Requirement
Copy word for word the lines in the records below, starting at the line with "Ewent EW3958 - Stekkerdoos" and ending at the line with "Official Trinity College". Skip the pictures.

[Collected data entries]
++++++++++++++++++++
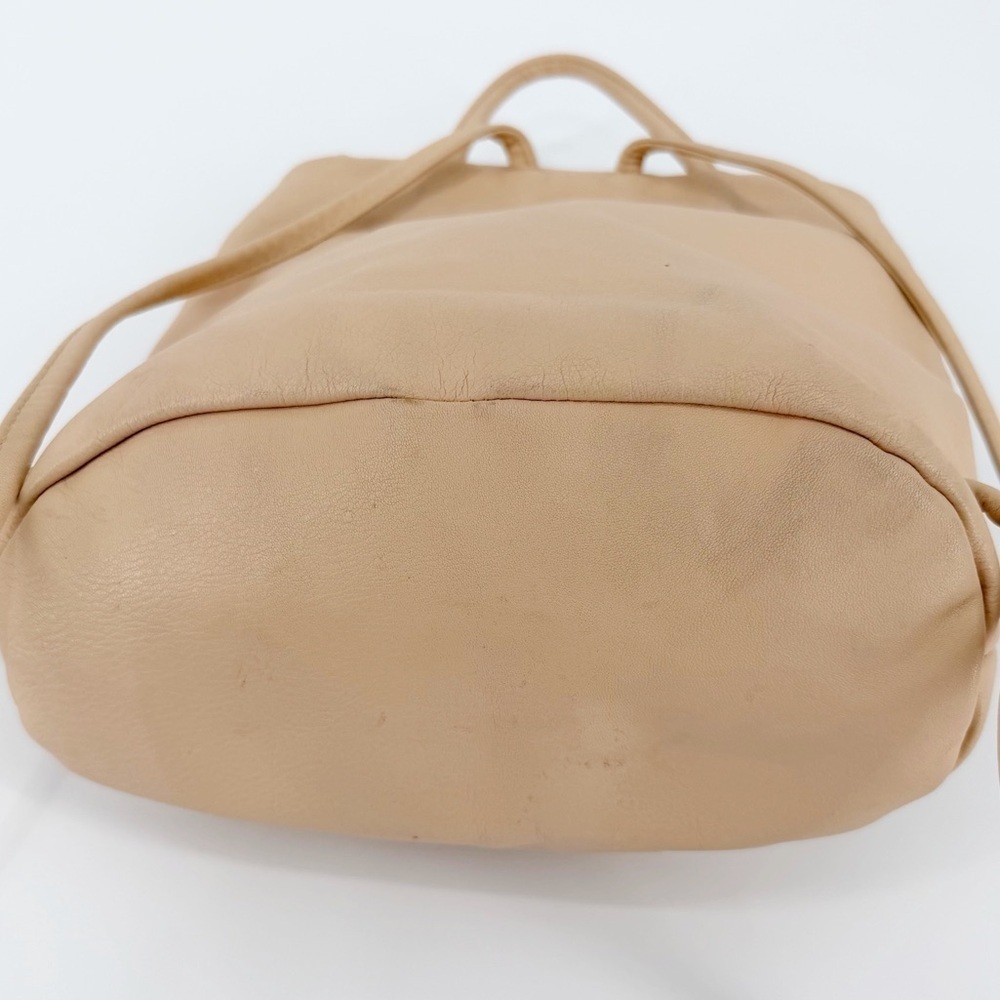 Baggu Leather Mini Backpack Cream - Picture 4 of 7
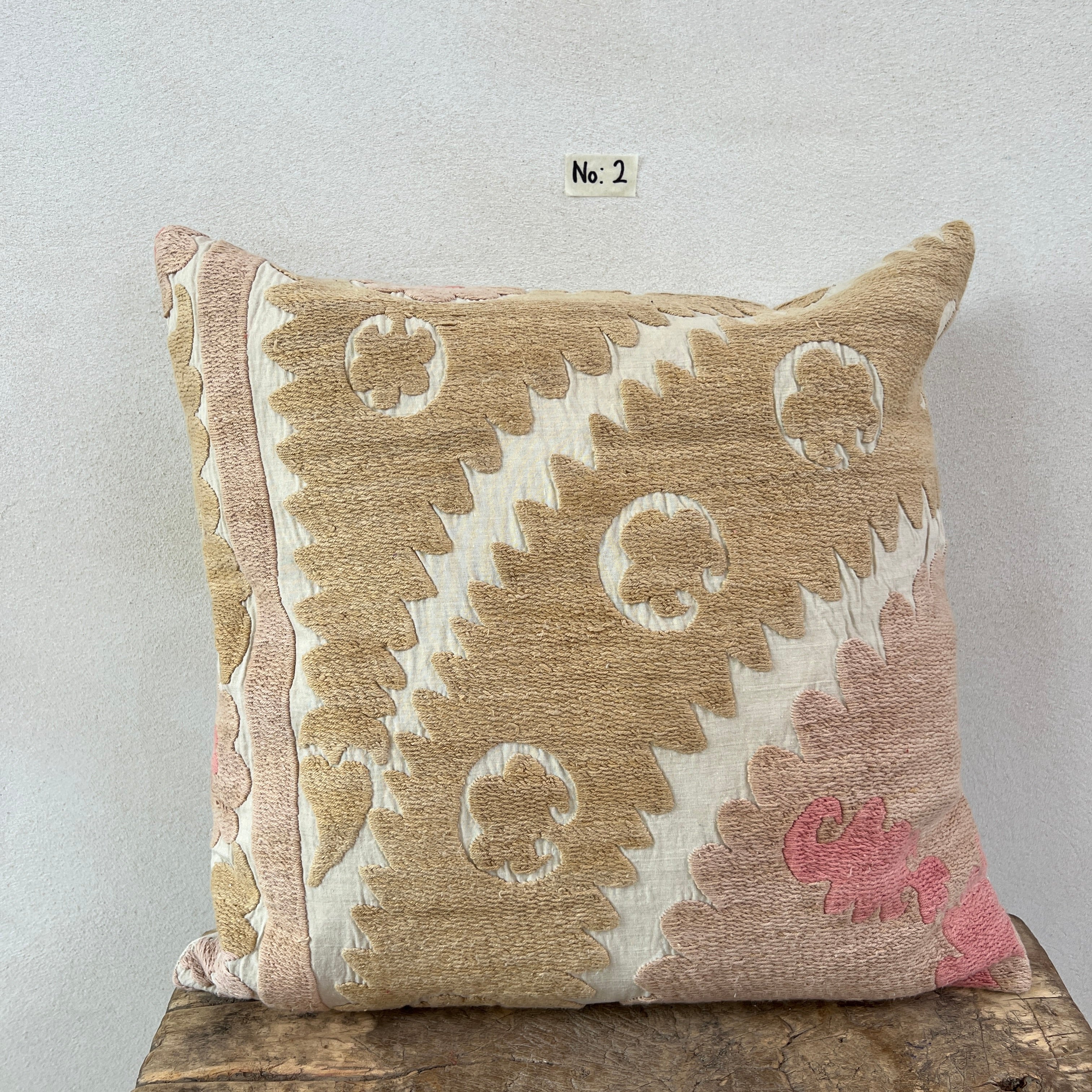 Vintage Suzani Embroidered Cushion - Image 4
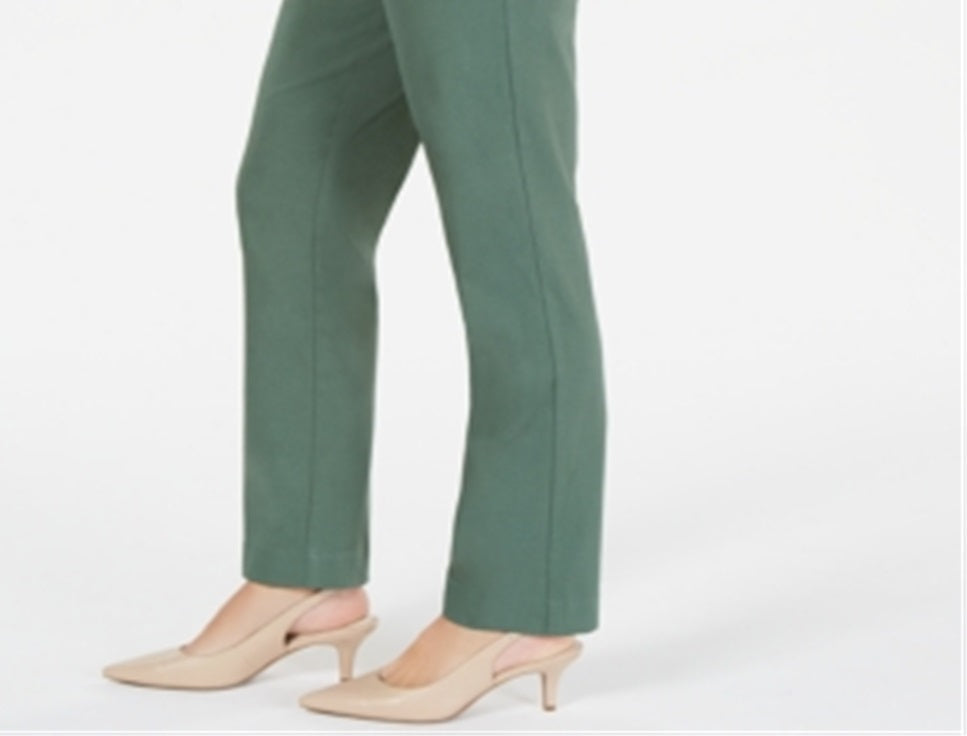 Calça feminina JM Collection para trabalho, verde, tamanho pequeno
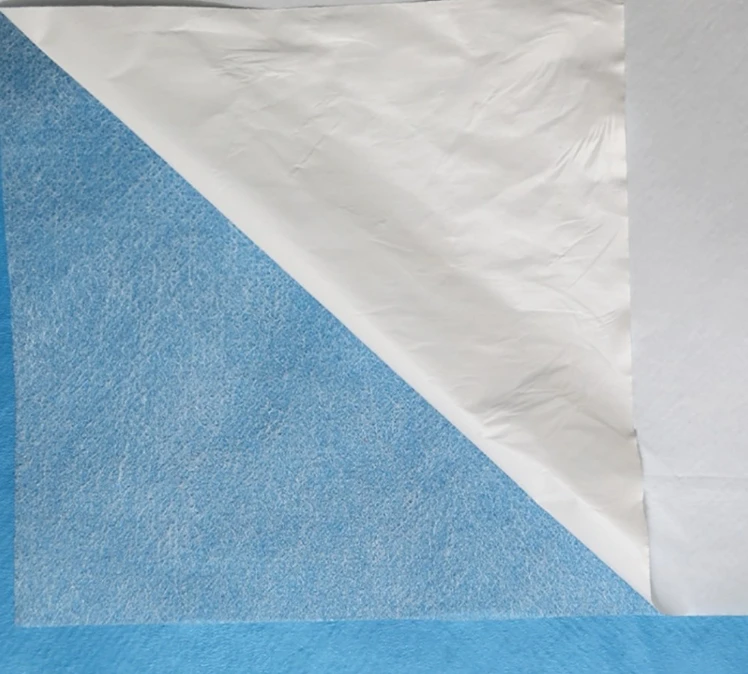 Protective Coveralls Suit Fabric Material PP Sss Non Wovens Laminated Breathable Pe Film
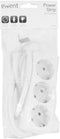 Ewent EW3958 - Stekkerdoos 3x Geaard 3680W - Wit (3 stuks)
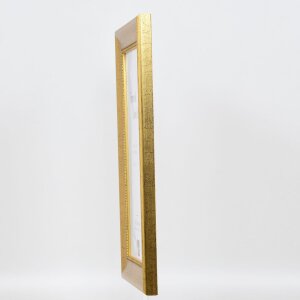 Effect wooden frame profile 95 gold 10x10 cm Anti-reflective glass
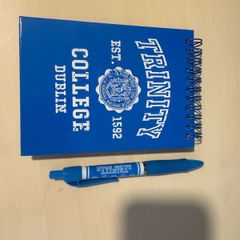 Official Trinity College Dublin (TCD) Stationery Set - Notebook & Pen (Brand New)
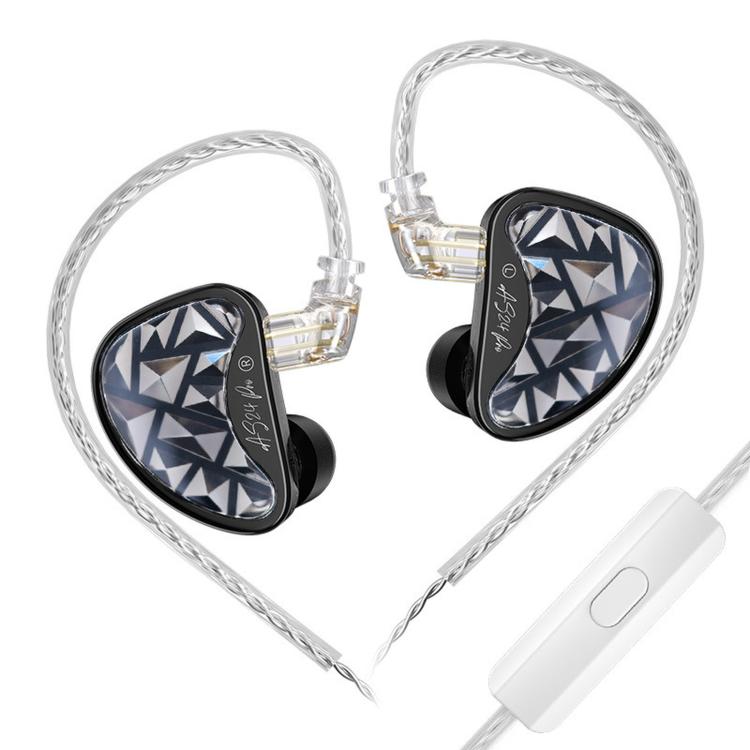 KZ AS24 PRO 24-driver Dynamic Driver HIFI In-Ear 1.2m Wired Gaming Earphones, Basic Without Mic, Basic With Mic, Tuned Without Mic, Tuned With Mic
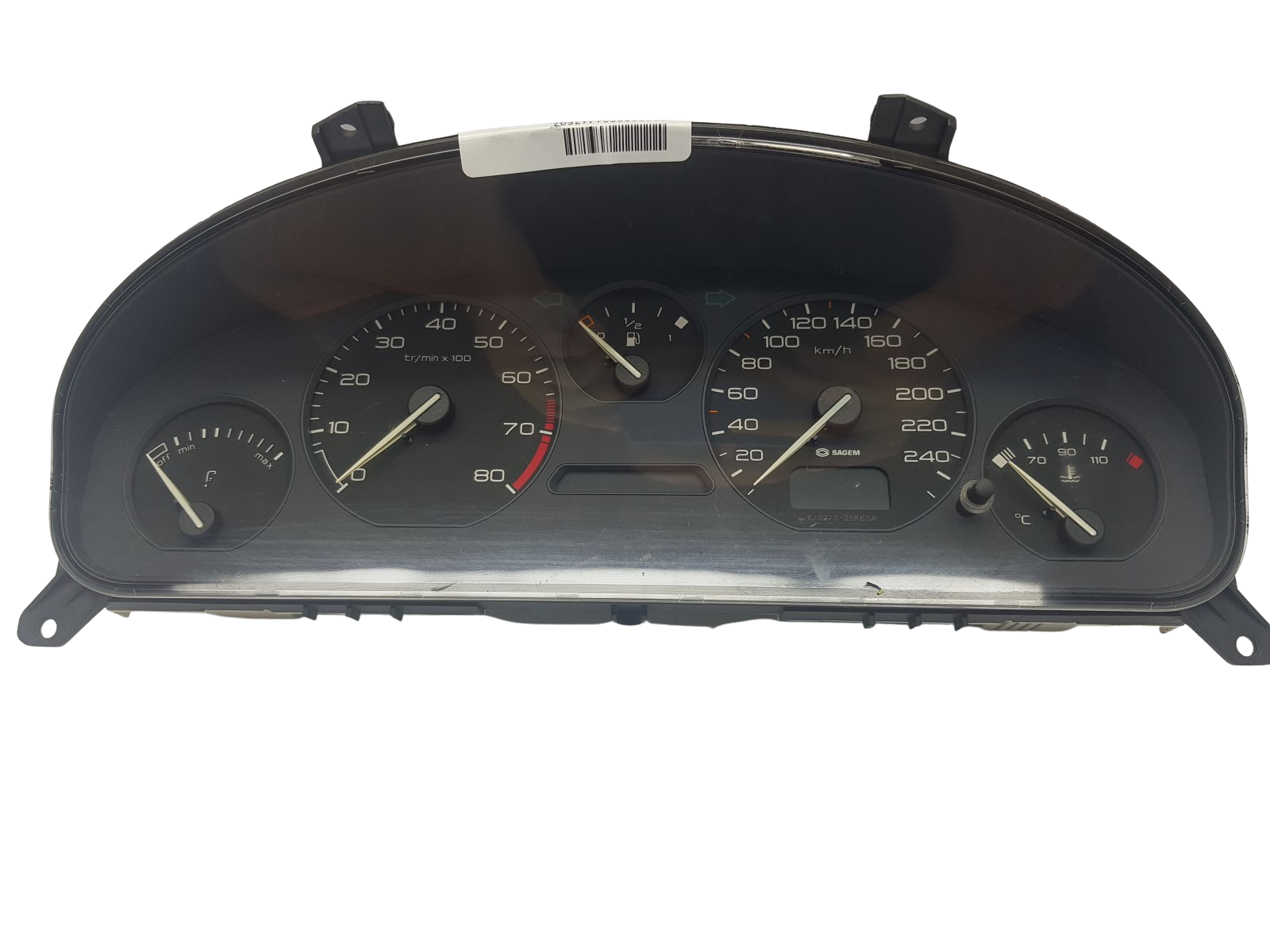 Tacho Kombiinstrument Peugeot 406 9628534580 S Sagem 1072 main product photo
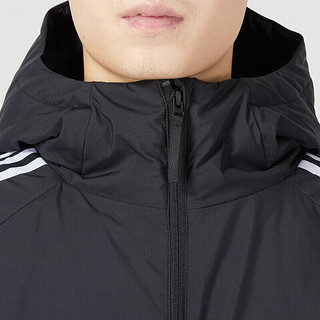 阿迪达斯 （adidas）官网男装羽绒服运动服加厚保暖防风连帽羽绒服夹克 HN2123/晒图退10 XS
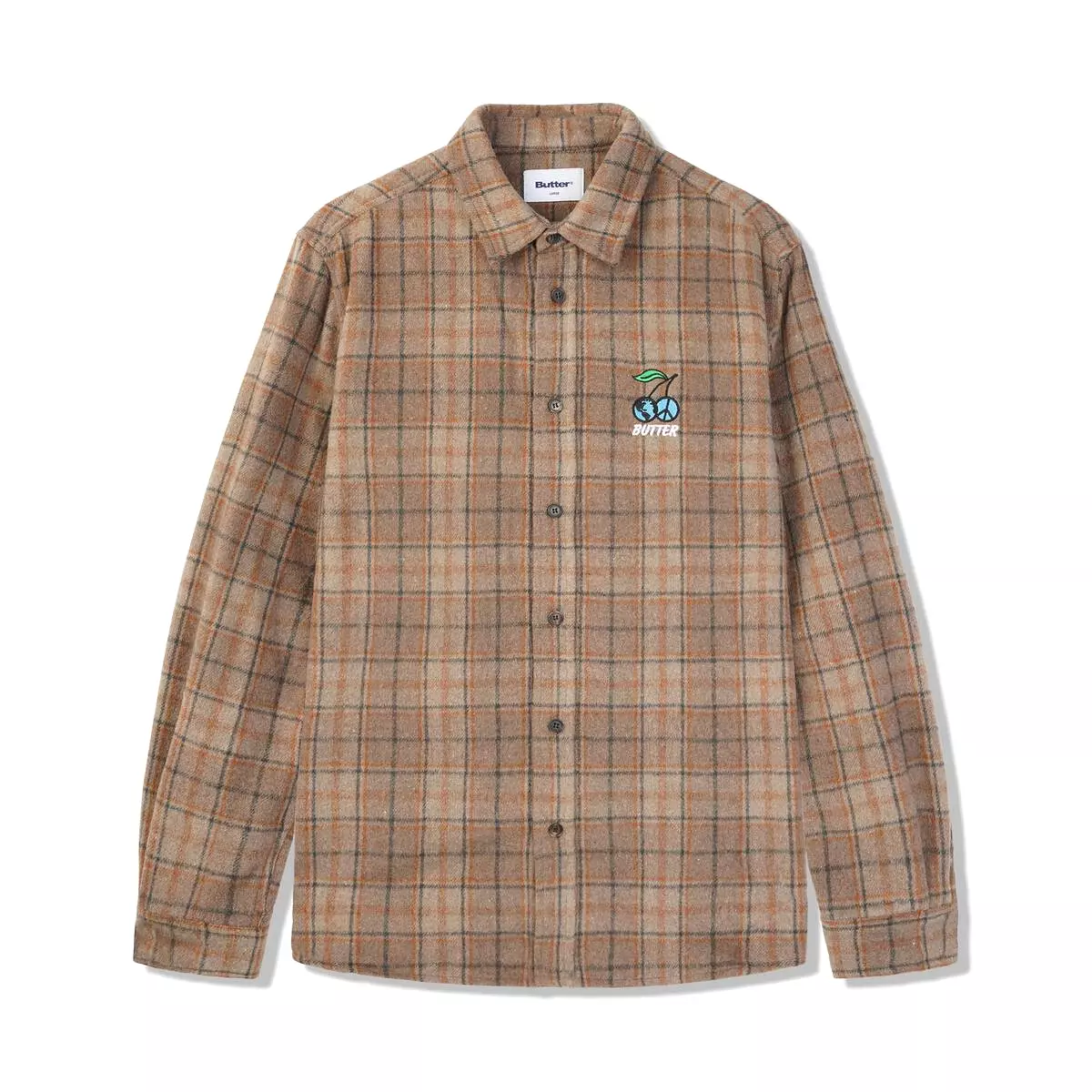 Butter Goods Cherry Flannel Shirt Taupe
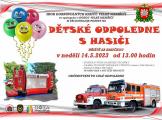 Hasiči vás srdečně zvou na Dětské odpoledne na hřišti za hasičkou ve Velkém Meziříčí. Již v neděli 14. května od 13.00 hodin.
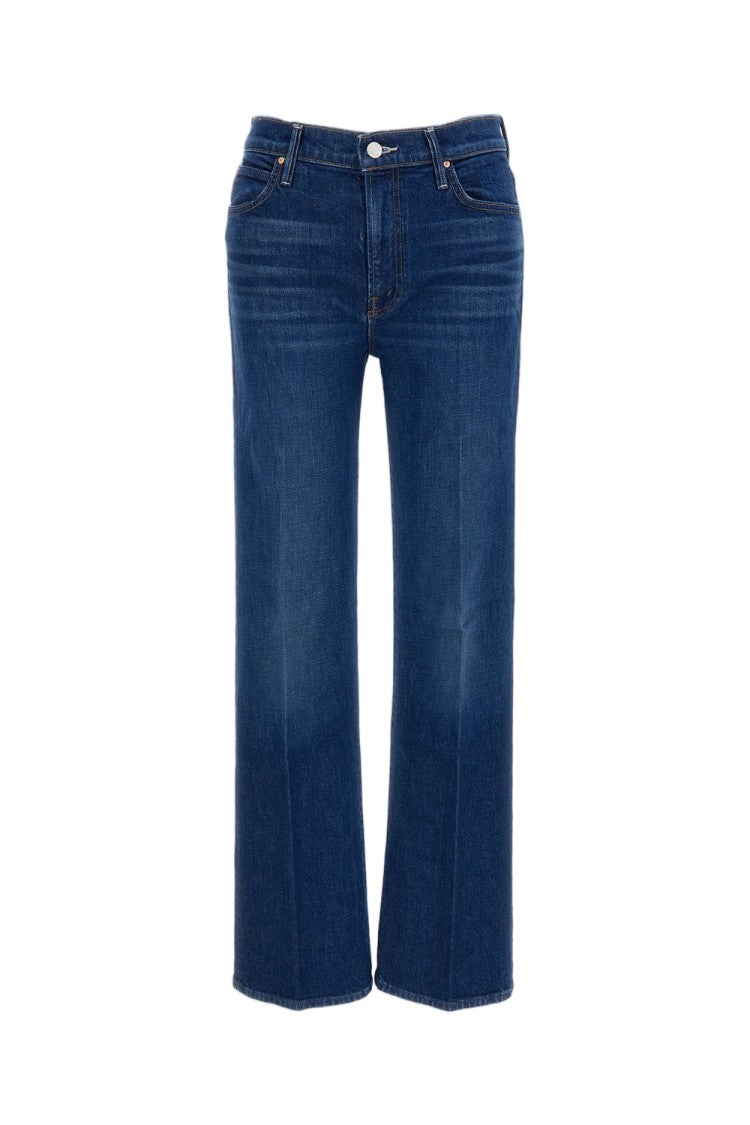 Mother Blue The Kick It Semi-Rigid Jeans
++++++++++++++++++++
Exercise answer
 Ewent EW3958 - Stekkerdoos 3x Geaard 3680W - Wit (3 stuks)
 Effect wooden frame profile 95 gold 10x10 cm Anti-reflective glass
 Official Trinity College Dublin (TCD) Stationery Set - Notebook & Pen (Brand New)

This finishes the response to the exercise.